Whether the cause is immature technology, outdated processes and skills, or a shift in corporate mindset, IT projects can go wrong at midstream.

Andrew Froehlich, President & Lead Network Architect, West Gate Networks

July 28, 2017

4 Min Read
Image: Pixabay/wokandapix

Having an IT strategy that is fully aligned with business goals is a differentiator that can lead to competitive advantages. Unfortunately, as those of you who have been involved in IT road mapping understand, it is too easy to get off track. The difficult part, is trying to identify exactly what sent you down the wrong path so it can be corrected.

When an IT project initially kicks off, there is a clear path to reach the technical goal -- and an even clearer vision on how the technology will positively impact the business. Yet somewhere along the line, things go awry and you end up with a technology that no longer aligns with the business.

Today, we're going to look at four potential signs showing where your strategy went off the tracks while chasing some of the latest technology trends. If, by chance, you read this and can relate to one or more scenarios, it may be a sign that it’s time to reassess and rework projects so they properly align with business goals.

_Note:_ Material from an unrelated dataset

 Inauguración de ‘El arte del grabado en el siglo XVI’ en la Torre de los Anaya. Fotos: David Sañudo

1. Emerging technologies aren't as emerging as you thought. One of the more challenging aspects of IT is wading through all the new and emerging technologies to find the ones that hold the most promise as it relates to your company’s unique business goals. Yet, despite your seeing promise in emerging technologies that can solve specific organization challenges, they often prove that they aren’t as ready for prime time as you first thought. There are many recent examples of this where technology was hyped, but adoption rates ended up being lower than expected because the technology wasn’t fully baked. Big Data, SDN and IoT are three examples where the concepts were sound, yet the technology and tools may not have been as ready as you were.

In cases such as these, it’s important for IT architects and projects managers to be in constant communications to make sure that the goals originally outlined in the project remain feasible throughout the development and rollout of the technology. And if the end-product is expected to fall woefully short of original expectations, this might be a project that’s better off being shelved until the technology can mature.

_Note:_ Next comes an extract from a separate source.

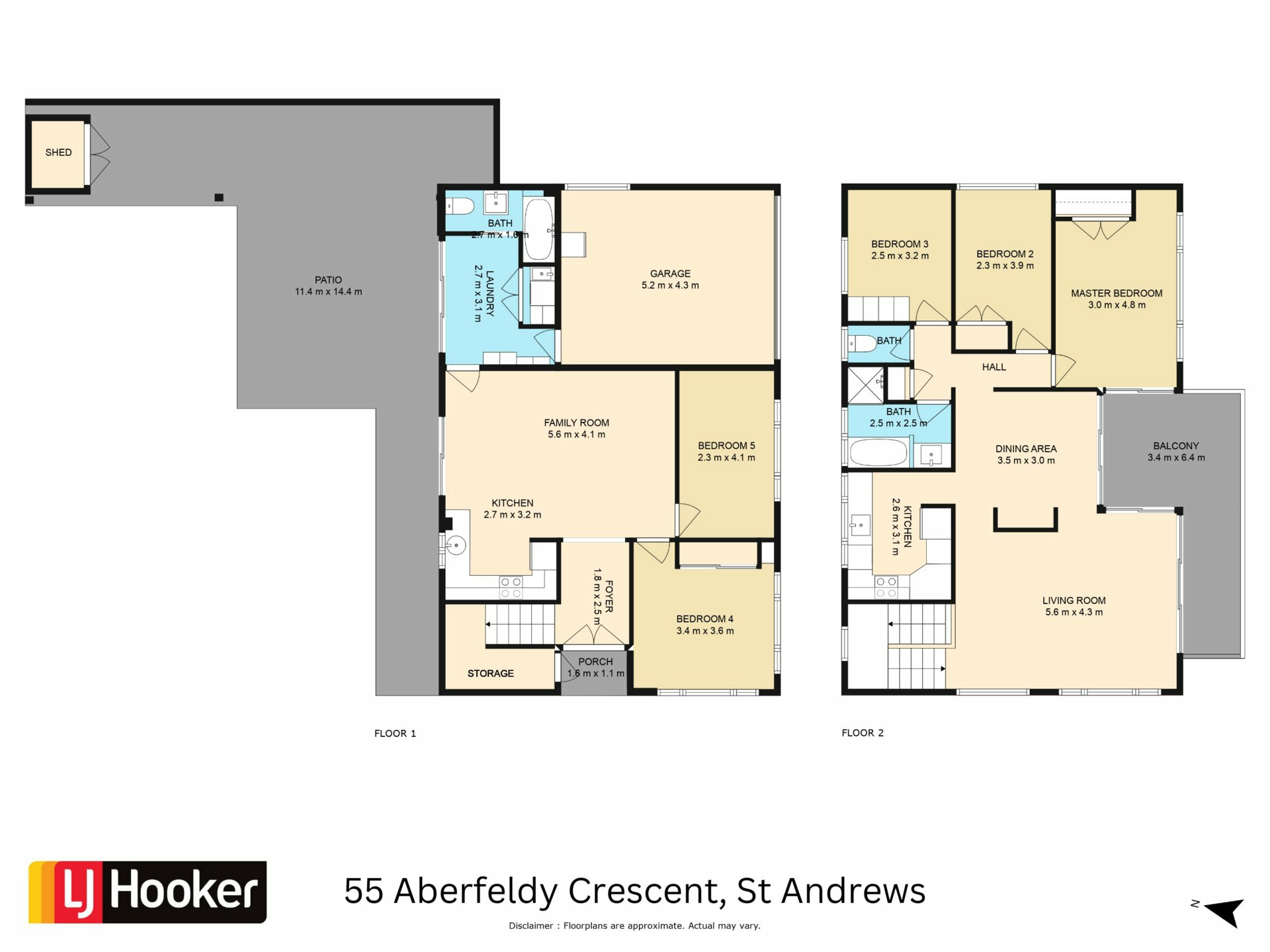 55 Aberfeldy Cres, St Andrews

2. Adopted the wrong development or deployment strategy. There are also situations where the technology is ready for production use, yet the blueprint to develop and/or deploy the technology is less than ideal. Signs of this include unanticipated costs, a lack of technical expertise and no true strategy when it comes to ongoing maintenance and support. In many situations, problems arise when you underestimate the capabilities of the in-house IT infrastructure, as well as the strengths of IT staff. If you’re facing any of these challenges while attempting to deploy a project in-house, it may be a sign that you need to engage with a third-party provider who can assist. This decision may end up pushing budgets upward, but it’s better than letting an important technological component of the business fail completely.

3. Little end-user interest in IT projects. One of the biggest battles an IT department can face these days is the war with shadow IT. The ease at which employees can find and use unsanctioned applications they like best is incredible. For new IT projects, it can be difficult to gain the interest of those that are happy with their current shadow IT applications. However, if you don’t engage in continuous communication with end-users and properly market the IT projects you’re working on, you may find that the adoption rate of applications will not be as expected once the project moves into production. The key is to monitor application interest and be able to spend time promoting the application to end-users.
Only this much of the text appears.